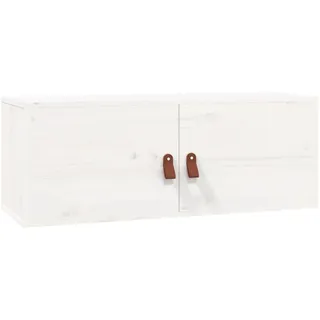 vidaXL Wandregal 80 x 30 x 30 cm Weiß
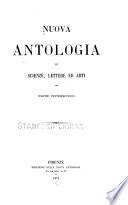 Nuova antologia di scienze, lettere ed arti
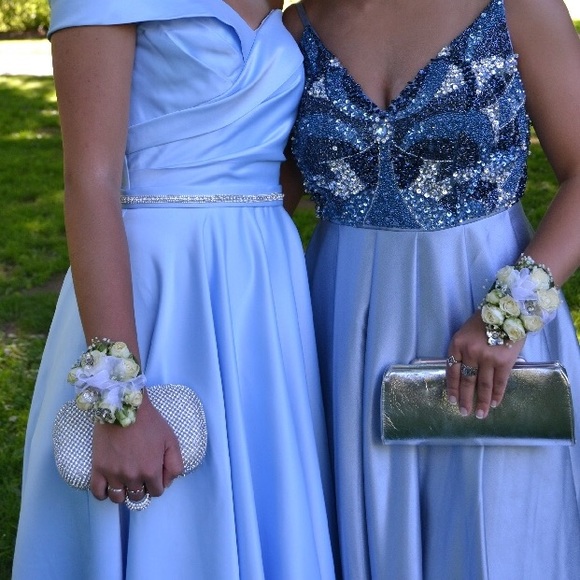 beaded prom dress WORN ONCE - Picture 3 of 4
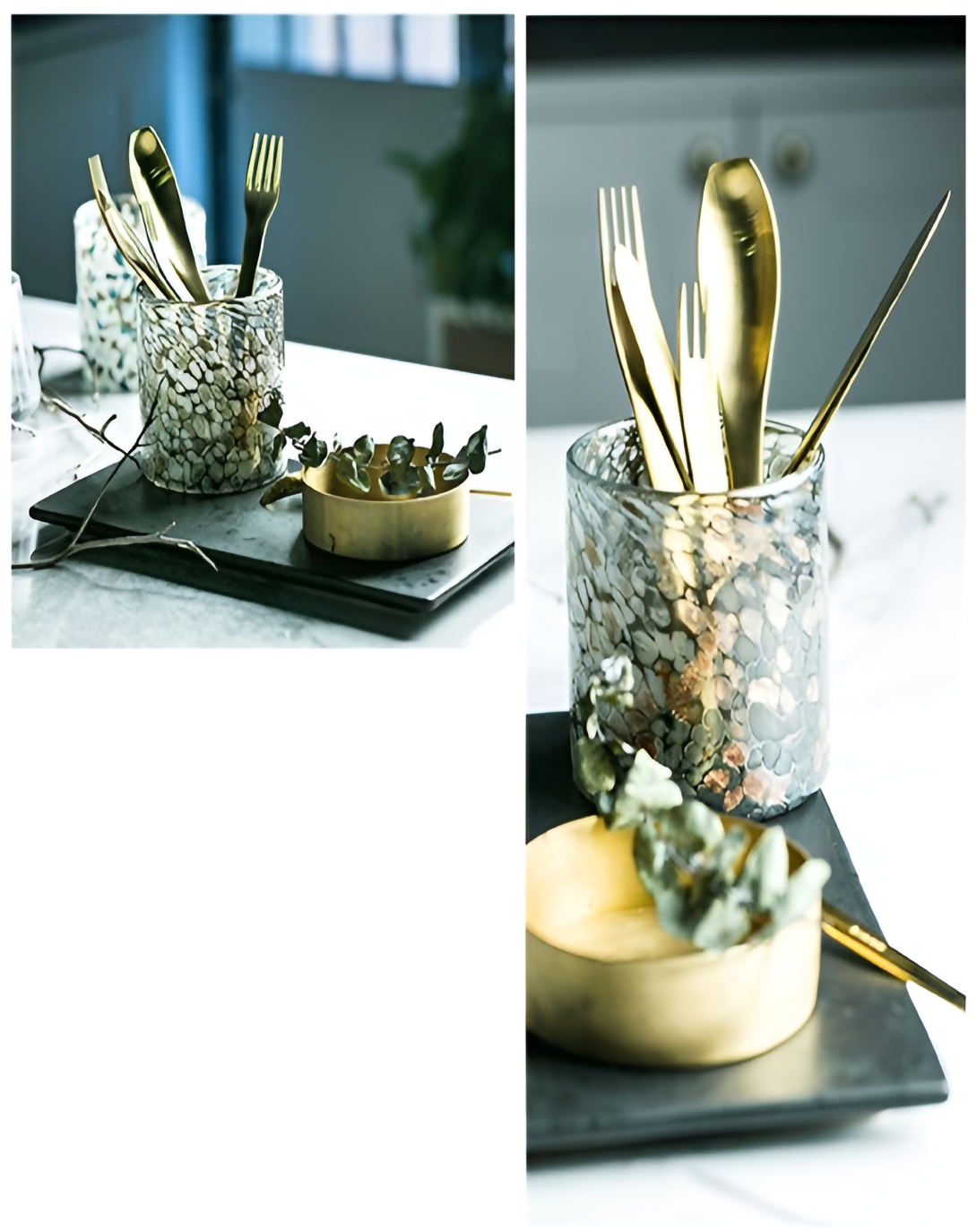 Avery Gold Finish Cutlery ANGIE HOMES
________
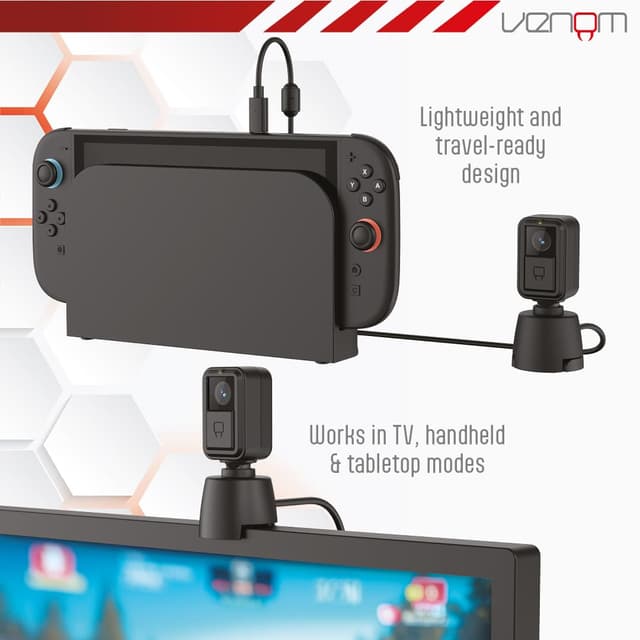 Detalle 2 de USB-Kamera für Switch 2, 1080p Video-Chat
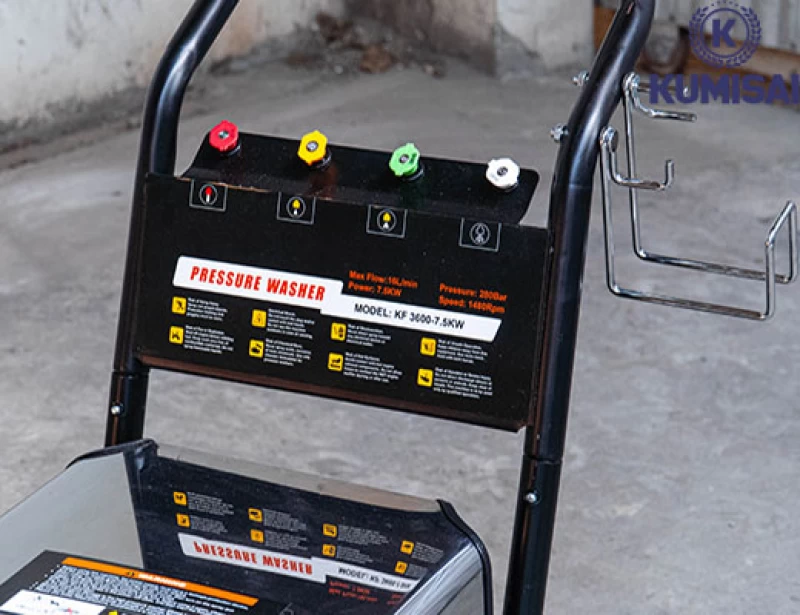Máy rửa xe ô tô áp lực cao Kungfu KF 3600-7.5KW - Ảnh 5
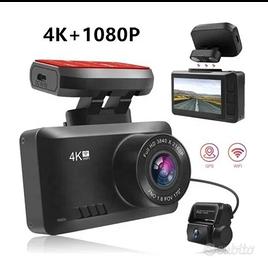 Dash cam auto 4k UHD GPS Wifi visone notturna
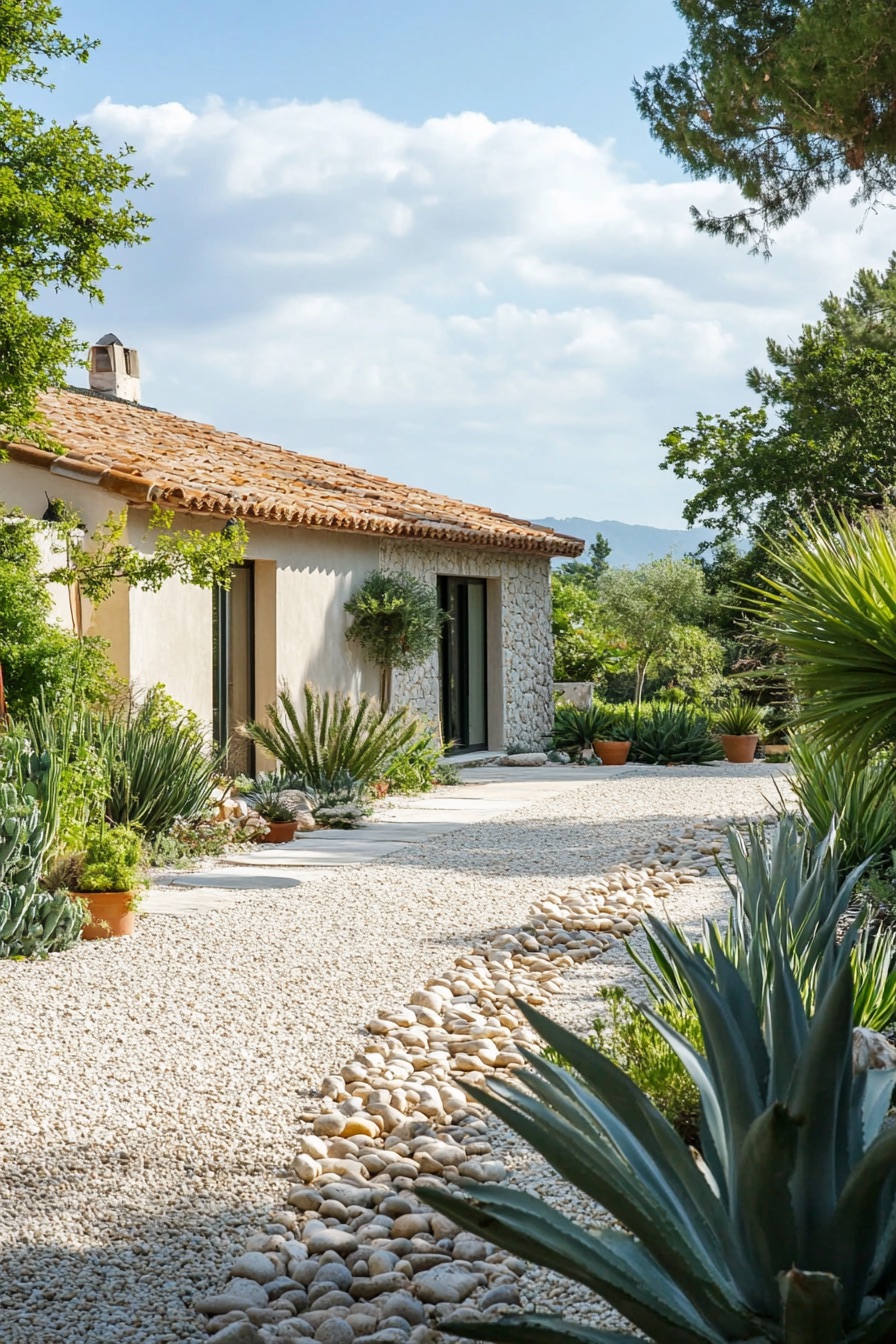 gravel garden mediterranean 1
________
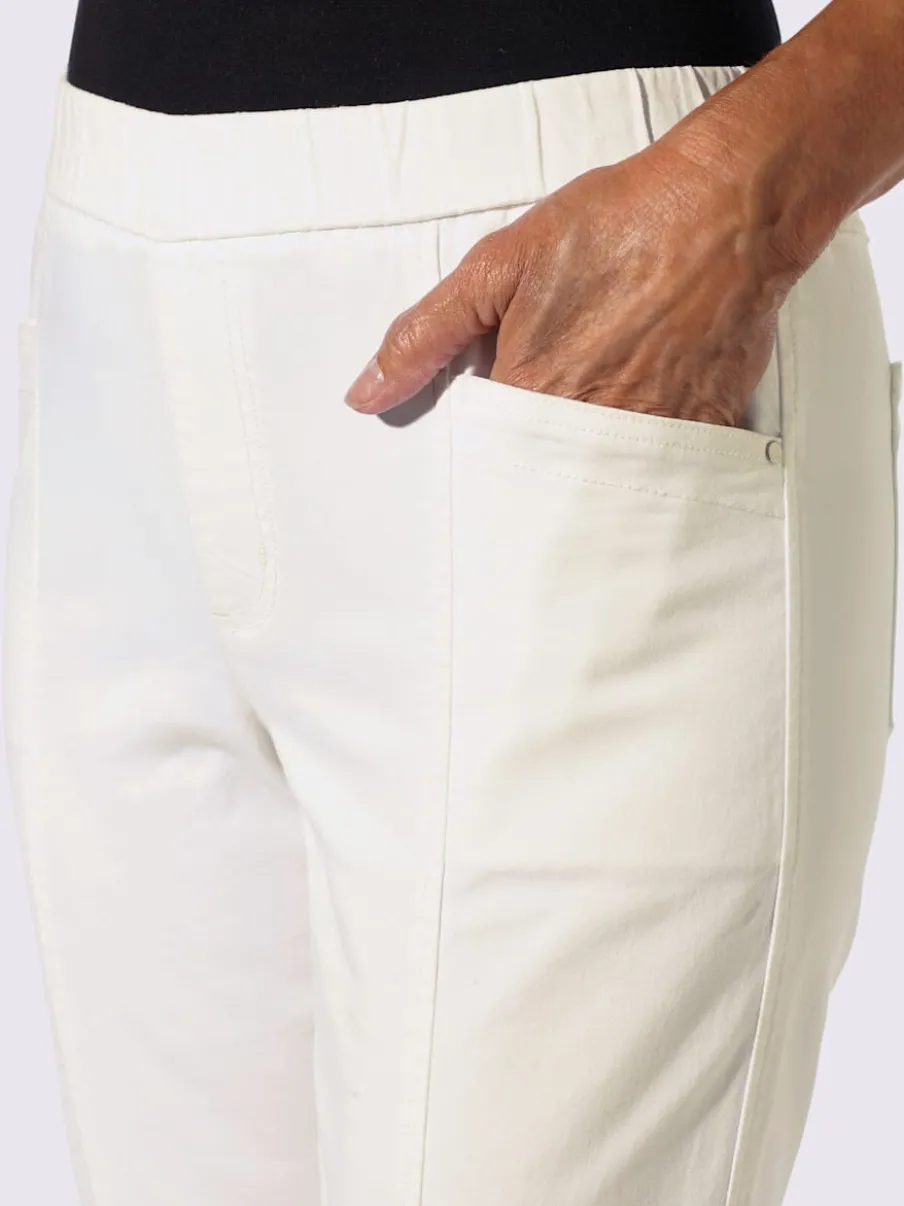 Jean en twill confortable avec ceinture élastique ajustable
________
● **Exercise prompt**
The answer must be the lines above from the one containing "Dash cam auto" through the one containing "gravel garden mediterranean 1", reproduced exactly, with no pictures and nothing else.

● **Answer**
 Dash cam auto 4k UHD GPS Wifi visone notturna
 gravel garden mediterranean 1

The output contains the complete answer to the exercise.